This is a guest entry written by Joxean Koret from Activision. His views and opinions are his own and not those of Hex-Rays. Any technical or maintenance issues regarding the code herein should be directed to the author.
Diaphora: The most advanced Free and Open Source Binary Diffing Tool
Diaphora is an Open Source IDA plugin for doing binary diffing (usually called bindiffing, for short). In a nutshell, binary diffing is a reverse engineering technique used to find either the similarities or the differences between various pieces of software, in binary form. The technique was most likely invented by Thomas Dullien (Halvar Flake), author of the very first publicly available bindiffing tool called BinDiff.
I published this Open Source project, Diaphora, in 2015 and I have been testing and updating for every single minor IDA version since these times, which means from version 6.6 to the current 8.2 (as of the time of writing this blog post).
In this blog post I will discuss, briefly, how Diaphora works and, more in depth, show example usages. Let’s start…
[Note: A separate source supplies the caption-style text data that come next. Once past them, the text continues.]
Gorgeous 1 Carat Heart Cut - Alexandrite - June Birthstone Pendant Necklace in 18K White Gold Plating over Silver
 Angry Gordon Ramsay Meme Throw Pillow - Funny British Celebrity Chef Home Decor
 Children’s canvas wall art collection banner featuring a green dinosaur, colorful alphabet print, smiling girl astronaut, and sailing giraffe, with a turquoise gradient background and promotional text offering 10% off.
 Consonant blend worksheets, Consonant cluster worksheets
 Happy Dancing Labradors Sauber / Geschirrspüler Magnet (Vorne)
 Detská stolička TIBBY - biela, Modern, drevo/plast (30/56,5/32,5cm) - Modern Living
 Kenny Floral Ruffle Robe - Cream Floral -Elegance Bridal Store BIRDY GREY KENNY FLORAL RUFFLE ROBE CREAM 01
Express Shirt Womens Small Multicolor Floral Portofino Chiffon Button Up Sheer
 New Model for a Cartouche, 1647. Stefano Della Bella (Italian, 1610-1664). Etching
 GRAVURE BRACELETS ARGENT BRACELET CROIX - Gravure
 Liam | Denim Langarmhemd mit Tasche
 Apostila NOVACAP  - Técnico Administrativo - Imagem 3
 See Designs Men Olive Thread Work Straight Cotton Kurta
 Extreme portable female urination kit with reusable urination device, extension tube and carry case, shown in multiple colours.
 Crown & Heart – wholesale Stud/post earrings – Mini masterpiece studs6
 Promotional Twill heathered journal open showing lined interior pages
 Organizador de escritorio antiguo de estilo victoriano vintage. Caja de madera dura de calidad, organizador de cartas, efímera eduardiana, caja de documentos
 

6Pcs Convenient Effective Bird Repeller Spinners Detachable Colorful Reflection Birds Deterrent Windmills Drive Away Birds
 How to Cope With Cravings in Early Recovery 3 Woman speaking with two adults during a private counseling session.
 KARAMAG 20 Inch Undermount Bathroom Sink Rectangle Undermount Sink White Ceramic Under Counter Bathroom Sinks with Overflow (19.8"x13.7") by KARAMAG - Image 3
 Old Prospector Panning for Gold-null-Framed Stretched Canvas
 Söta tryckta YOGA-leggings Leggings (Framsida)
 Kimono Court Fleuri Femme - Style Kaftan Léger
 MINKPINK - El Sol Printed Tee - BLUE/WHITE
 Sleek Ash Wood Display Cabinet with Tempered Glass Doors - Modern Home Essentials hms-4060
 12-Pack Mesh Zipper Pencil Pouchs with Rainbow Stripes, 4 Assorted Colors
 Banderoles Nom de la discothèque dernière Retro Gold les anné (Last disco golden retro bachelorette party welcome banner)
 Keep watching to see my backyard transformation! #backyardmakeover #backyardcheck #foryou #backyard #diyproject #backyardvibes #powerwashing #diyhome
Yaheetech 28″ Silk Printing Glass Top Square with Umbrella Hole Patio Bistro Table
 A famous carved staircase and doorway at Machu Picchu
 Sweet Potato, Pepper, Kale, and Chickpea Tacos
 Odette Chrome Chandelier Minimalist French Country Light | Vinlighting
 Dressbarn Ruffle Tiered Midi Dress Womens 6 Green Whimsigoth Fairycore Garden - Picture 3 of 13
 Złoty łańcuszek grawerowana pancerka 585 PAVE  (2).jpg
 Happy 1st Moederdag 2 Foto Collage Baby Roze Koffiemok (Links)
This is how bindiffing works, in general: Two or more binaries are analysed and features about each function found in the binary are extracted. Then, the extracted functions are matched, using a set of heuristics, and compared, using some comparison function, to determine how close or different they are.
This is a brief list of some example
features that can be extracted from functions:
- A "hash" for the CFG (Control Flow Graph).
- The literal constants (strings, non common numbers).
- The RVA (Relative Virtual Address) and size in bytes.
Some example heuristics used by Diaphora to compare 2 functions can be the following:
- The functions are big enough and their MD5 are the same.
- The functions are big enough and the flow graphs are the same.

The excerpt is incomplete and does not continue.